State must cap high-interest loans – now | My point of view
Every day the people of New Mexico are caught in the cycle of high-yield consumer credit – in New Mexico that means annual interest rates of up to 175 percent – and cannot escape.
These installment loans and auto title loans are sometimes referred to as payday loans because the payments are tied to when the borrower is paid.
There have been many attempts to cut exorbitant interest rates in New Mexico over the years, but these lenders have been allowed to continue operating at interest rates that are banned in many other states. It is time to put an end to such predatory lending practices. We encourage Governor Michelle Lujan Grisham and the New Mexico legislature to end these high-interest loans.
Here’s the scenario: a family doesn’t have enough income to cover their essentials, or the family has unexpected expenses like a car repair and borrows a few hundred dollars from an expensive lender at 175 percent annual interest. It’s an option that has been heavily promoted that doesn’t offer credit checks and quick cash.

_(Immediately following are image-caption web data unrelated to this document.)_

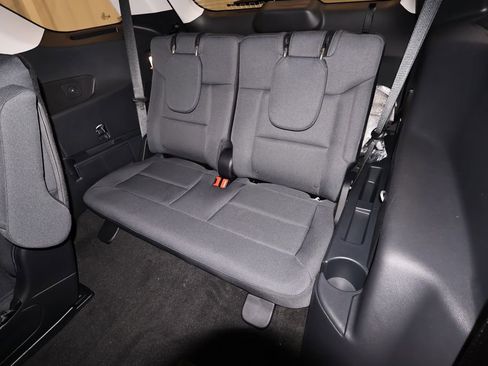 New 2026 Ford Explorer Active AWD/4WD image 15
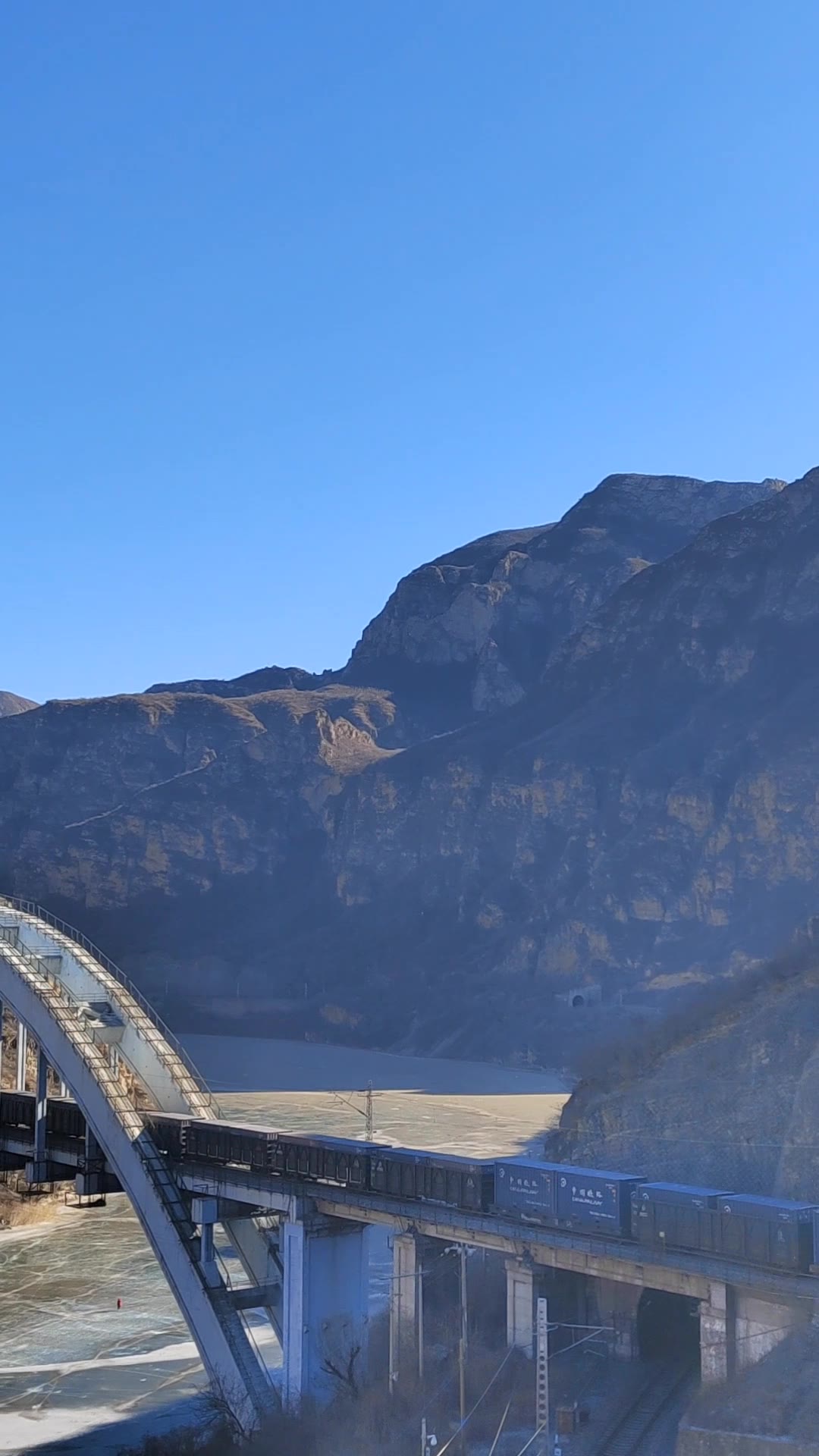 丰沙线七号桥拍车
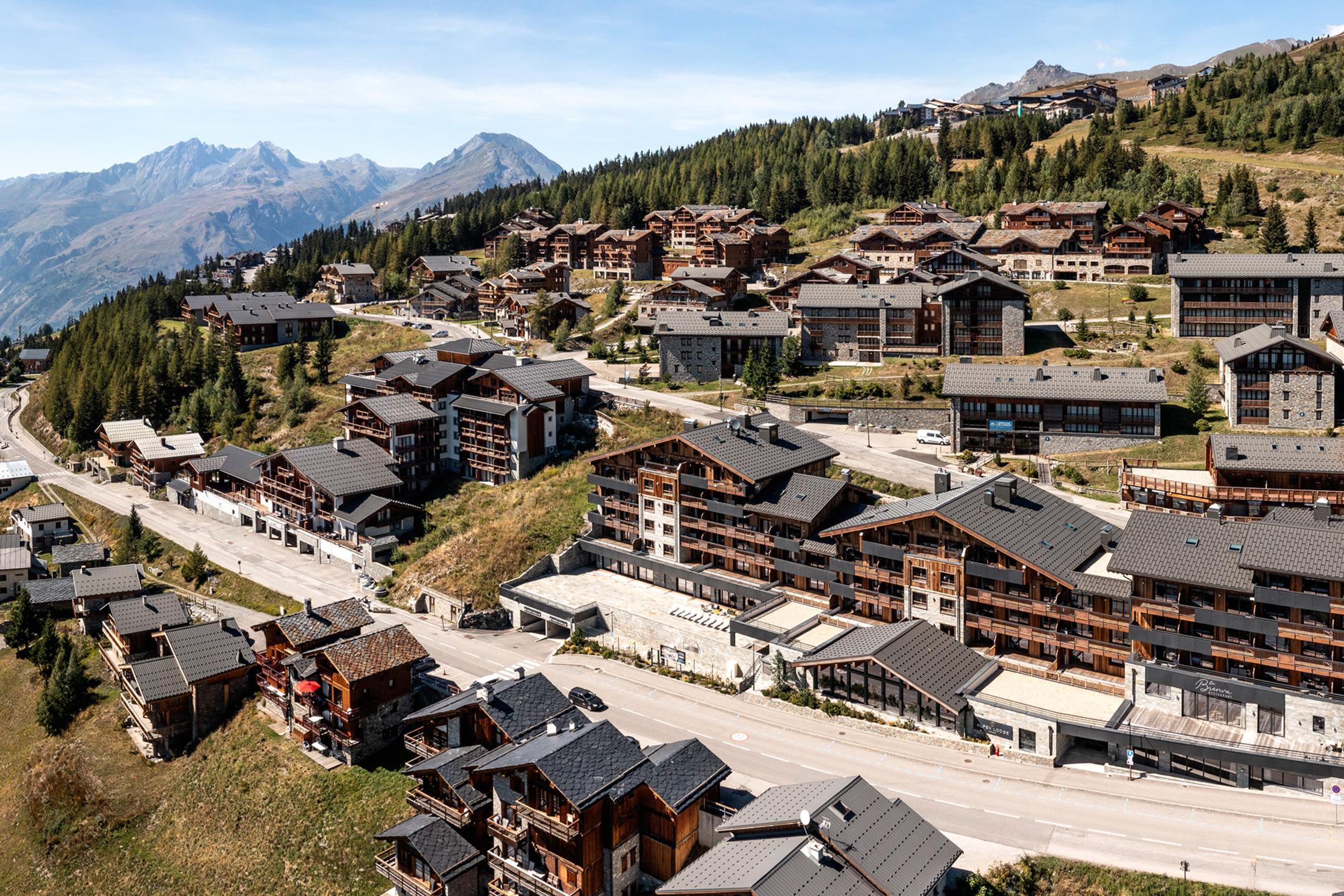 Vue extérieure été du quartier des Eucherts à La Rosière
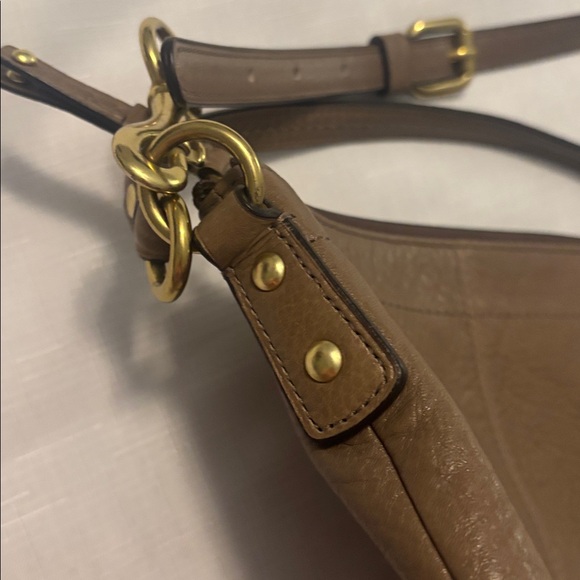 VTG Coach Taupe Pebbled Pleated Leather Crossbody  handbag w/brass accents Y2K - Picture 11 of 12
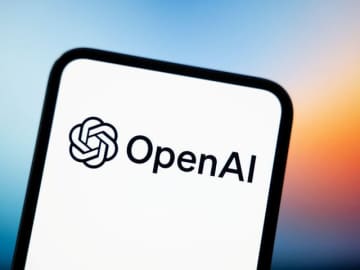 ChatGPTの用途に「大きな変化」、OpenAIらの調査で浮き彫りに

When it comes time to pay off the loan, the family may not have the extra money to make the payment or may be forced to move money needed to pay other expenses to pay off the loan. Over time, the family may be encouraged to refinance the loan to reduce repayment difficulties – which leads to more debt and, ultimately, a debt trap if they are unable to repay the loan.
In New Mexico, we’re letting this cycle continue unabated with an interest rate cap of 175 percent. There are options for this predation. Credit unions across the state offer small loans to borrowers at a reasonable interest rate – well below 36 percent – often without credit checks. Almost a million New Mexicans are already members of credit unions, which makes this option easy and accessible.
Local and county governments, schools, colleges, and businesses across the state are signing an alternative program – TrueConnect – that allows employees to take out small loans that are repaid over time as salary deductions at an interest rate of between 20 percent and 25 percent. Lowering interest rates does not mean that people are running out of options, but that the options on offer enable borrowers to repay the loans they took out.
Make no mistake: high-yielding lenders, 89 percent of whom are foreign corporations, pull money out of the pockets of hard-working New Mexicans who are just trying to make ends meet. Nobody wants to need a short term loan, and those who do shouldn’t be fresh meat for loan sharks hungry to kill someone else’s misfortune.
Limiting interest rates from unreasonable highs has had widespread bipartisan support for decades. President George W. Bush signed the Military Lending Act in 2006, which capped interest rates for active service members and their spouses at 36 percent.
States across the country, from New York to Nebraska, from Maryland to Montana, limit their lending rates to 36 percent or less. Over 80 percent of New Mexicans surveyed support an upper limit of 36 percent or less. This is the course we have proposed again, and it should be adopted.
We urge the governor and legislature to pass laws that protect low-income New Mexicans from predatory, high-yielding lenders without apology or delay.
Ona Porter, MA, is the CEO of Prosperity Works.